Num GPUs Available:  1


In [2]:
#tf.keras.mixed_precision.set_global_policy('mixed_float16')

In [None]:
tokenizer = pkl.load(open("tokenizers/tokenizer_CNN16000_lowercase.pkl", 'rb'))
tokenizer.create_hash()

random.seed(42)
corpus_indicies = pkl.load(open('corpus/CNN_tokenized16000_lowercase.pkl', 'rb'))
random.shuffle(corpus_indicies)

## Define Model

In [3]:
class WarmUpThenDecay(tf.keras.optimizers.schedules.LearningRateSchedule):
    def __init__(self,
                 initial_learning_rate: float,
                 warmup_steps: int,
                 decay_schedule_fn: tf.keras.optimizers.schedules.LearningRateSchedule):
        """
        initial_learning_rate: peak LR reached at end of warmup
        warmup_steps:      # of steps to ramp from 0 → initial_learning_rate
        decay_schedule_fn: a tf.keras schedule to apply *after* warmup
        """
        super().__init__()
        self.initial_lr = initial_learning_rate
        self.warmup_steps = warmup_steps
        self.decay_schedule_fn = decay_schedule_fn

    def __call__(self, step):
        # Cast to float32 for safety in graph mode
        step = tf.cast(step, tf.float32)
        warmup_steps = tf.cast(self.warmup_steps, tf.float32)

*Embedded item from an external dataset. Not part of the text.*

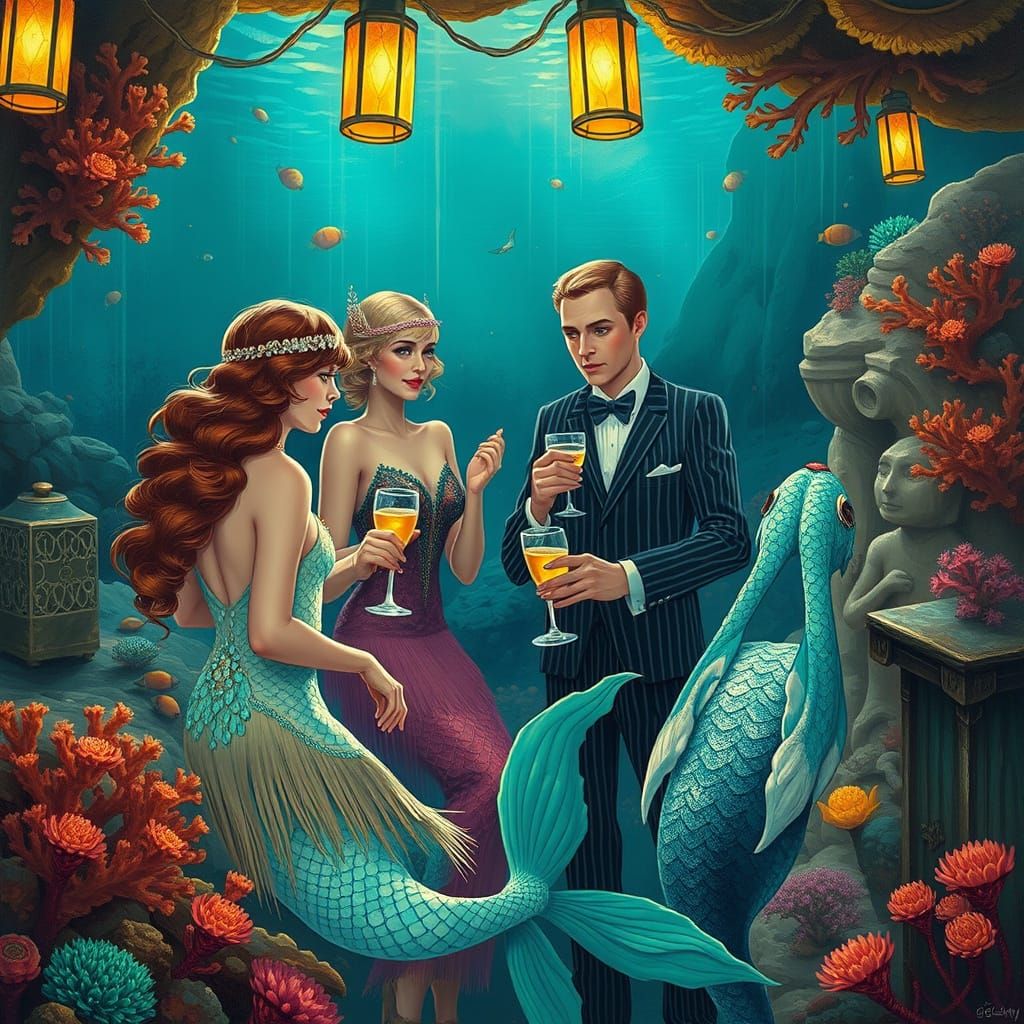 Underwater Speakeasy with Mermen in Graffiti Art Style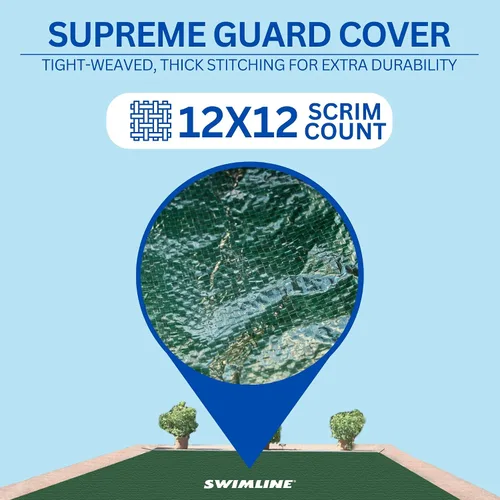 Vista 4 de Swimline Hydrotools Supreme Guard - Cubierta de invierno de 23 x 41 pies, de color verde/negro y con fundas para tubos de agua, para piscinas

        # compute linear warmup: lr = initial_lr * (step / warmup_steps)
        warmup_lr = self.initial_lr * (step / warmup_steps)

        # after warmup_steps, switch to decay schedule (shift step count)
        decay_step = step - warmup_steps
        decay_lr = self.decay_schedule_fn(decay_step)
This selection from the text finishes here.